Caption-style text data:
-------------------------

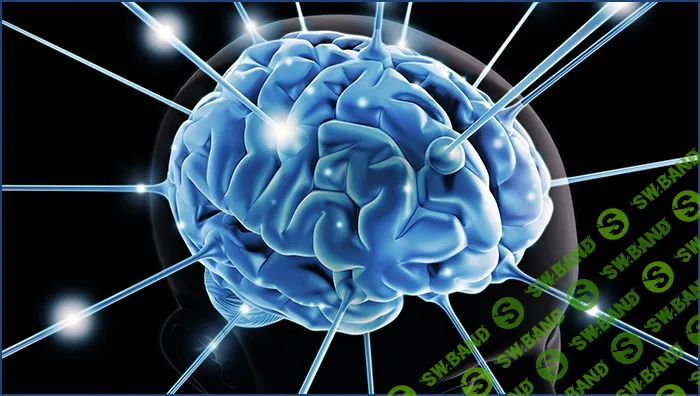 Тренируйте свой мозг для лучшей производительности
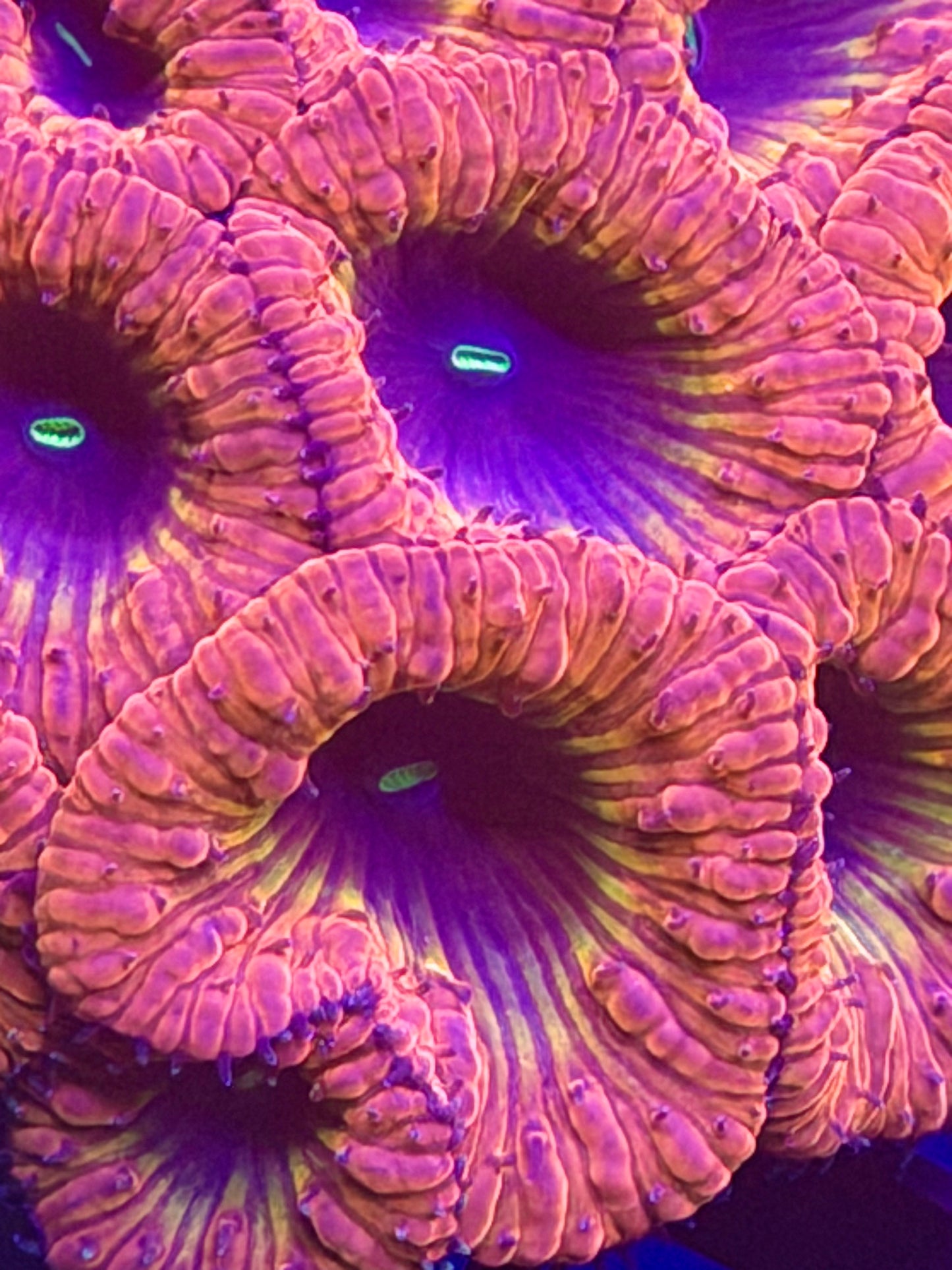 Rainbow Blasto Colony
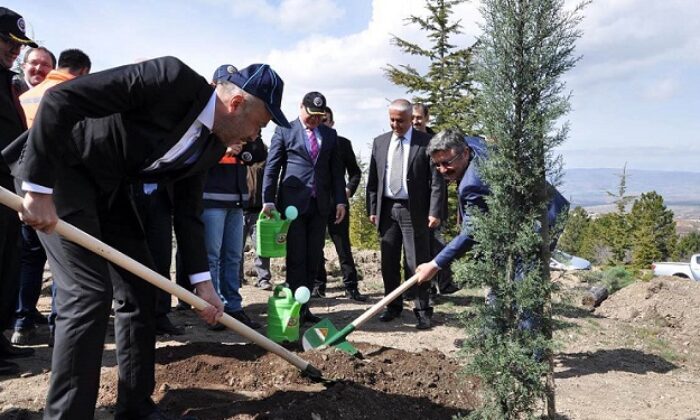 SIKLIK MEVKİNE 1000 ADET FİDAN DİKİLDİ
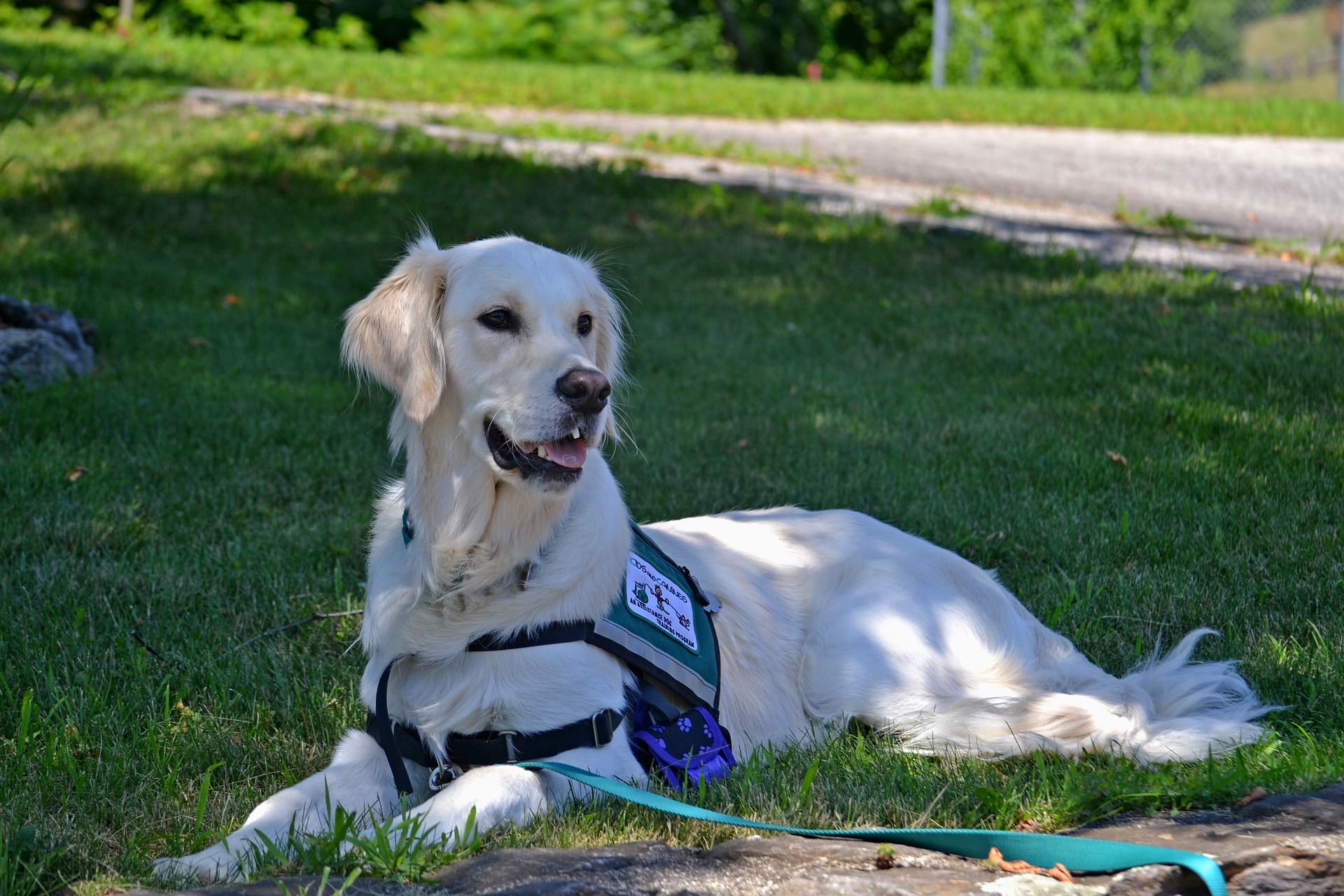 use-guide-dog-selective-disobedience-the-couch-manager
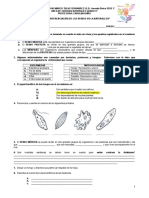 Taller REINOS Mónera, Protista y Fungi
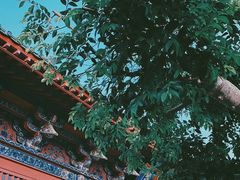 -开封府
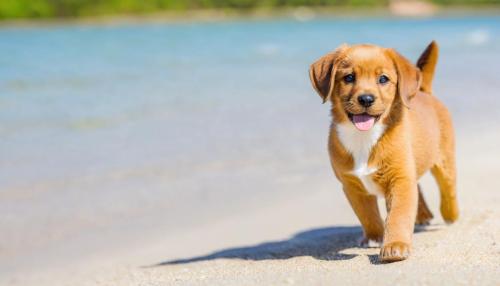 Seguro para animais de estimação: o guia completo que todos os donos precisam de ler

-------------------------

About this exercise: Could you restate the entries word for word, skipping any pictures?

Answer to this task:
 Тренируйте свой мозг для лучшей производительности
 Rainbow Blasto Colony
 SIKLIK MEVKİNE 1000 ADET FİDAN DİKİLDİ
 use-guide-dog-selective-disobedience-the-couch-manager
 Taller REINOS Mónera, Protista y Fungi
 -开封府
 Seguro para animais de estimação: o guia completo que todos os donos precisam de ler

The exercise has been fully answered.